● Prompt
Keyword search on "Photo": report each line of the records that contains it.

#####

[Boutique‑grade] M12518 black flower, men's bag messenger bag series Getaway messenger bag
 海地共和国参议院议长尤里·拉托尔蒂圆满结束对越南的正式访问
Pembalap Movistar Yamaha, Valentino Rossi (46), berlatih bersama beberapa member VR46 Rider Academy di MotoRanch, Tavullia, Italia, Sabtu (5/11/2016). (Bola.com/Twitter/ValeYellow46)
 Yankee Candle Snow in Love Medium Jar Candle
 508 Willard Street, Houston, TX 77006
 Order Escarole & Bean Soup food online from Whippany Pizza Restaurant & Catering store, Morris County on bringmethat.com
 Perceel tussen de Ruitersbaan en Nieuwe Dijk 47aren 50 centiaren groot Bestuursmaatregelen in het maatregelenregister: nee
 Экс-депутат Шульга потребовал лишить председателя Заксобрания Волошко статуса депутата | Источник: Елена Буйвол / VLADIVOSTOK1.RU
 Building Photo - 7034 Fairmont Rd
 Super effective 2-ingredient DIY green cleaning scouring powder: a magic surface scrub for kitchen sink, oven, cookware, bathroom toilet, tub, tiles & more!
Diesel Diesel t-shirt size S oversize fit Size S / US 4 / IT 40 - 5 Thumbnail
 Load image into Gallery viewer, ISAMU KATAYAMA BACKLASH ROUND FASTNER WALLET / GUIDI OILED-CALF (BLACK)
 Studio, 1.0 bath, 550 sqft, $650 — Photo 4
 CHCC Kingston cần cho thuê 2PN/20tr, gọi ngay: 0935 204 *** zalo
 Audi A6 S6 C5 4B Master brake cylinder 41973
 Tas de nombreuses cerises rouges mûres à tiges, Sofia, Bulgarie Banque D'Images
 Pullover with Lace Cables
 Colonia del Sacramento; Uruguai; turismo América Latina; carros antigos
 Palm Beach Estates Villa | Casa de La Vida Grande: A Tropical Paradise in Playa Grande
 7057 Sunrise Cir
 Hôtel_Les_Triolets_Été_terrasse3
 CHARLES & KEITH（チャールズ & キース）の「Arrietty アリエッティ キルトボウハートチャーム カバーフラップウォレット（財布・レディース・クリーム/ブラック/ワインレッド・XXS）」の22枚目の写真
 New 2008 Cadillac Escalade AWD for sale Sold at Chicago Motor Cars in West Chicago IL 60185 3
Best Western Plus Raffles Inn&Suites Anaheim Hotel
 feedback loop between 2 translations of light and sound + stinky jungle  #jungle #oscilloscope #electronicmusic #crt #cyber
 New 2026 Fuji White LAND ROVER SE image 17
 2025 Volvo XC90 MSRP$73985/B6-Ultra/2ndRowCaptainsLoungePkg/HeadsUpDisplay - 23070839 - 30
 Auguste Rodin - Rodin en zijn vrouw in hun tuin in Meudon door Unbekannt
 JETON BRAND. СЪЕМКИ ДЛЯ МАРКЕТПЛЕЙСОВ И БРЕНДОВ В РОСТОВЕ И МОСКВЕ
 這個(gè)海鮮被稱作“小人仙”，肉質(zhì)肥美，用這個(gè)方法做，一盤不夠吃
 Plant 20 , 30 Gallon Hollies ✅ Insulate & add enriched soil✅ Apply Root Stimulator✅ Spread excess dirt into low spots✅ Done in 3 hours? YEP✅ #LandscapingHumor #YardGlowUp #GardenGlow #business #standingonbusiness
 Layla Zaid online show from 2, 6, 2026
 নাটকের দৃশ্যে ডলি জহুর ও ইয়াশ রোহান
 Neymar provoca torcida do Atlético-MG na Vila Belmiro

#####

● Response below
 Building Photo - 7034 Fairmont Rd
 Studio, 1.0 bath, 550 sqft, $650 — Photo 4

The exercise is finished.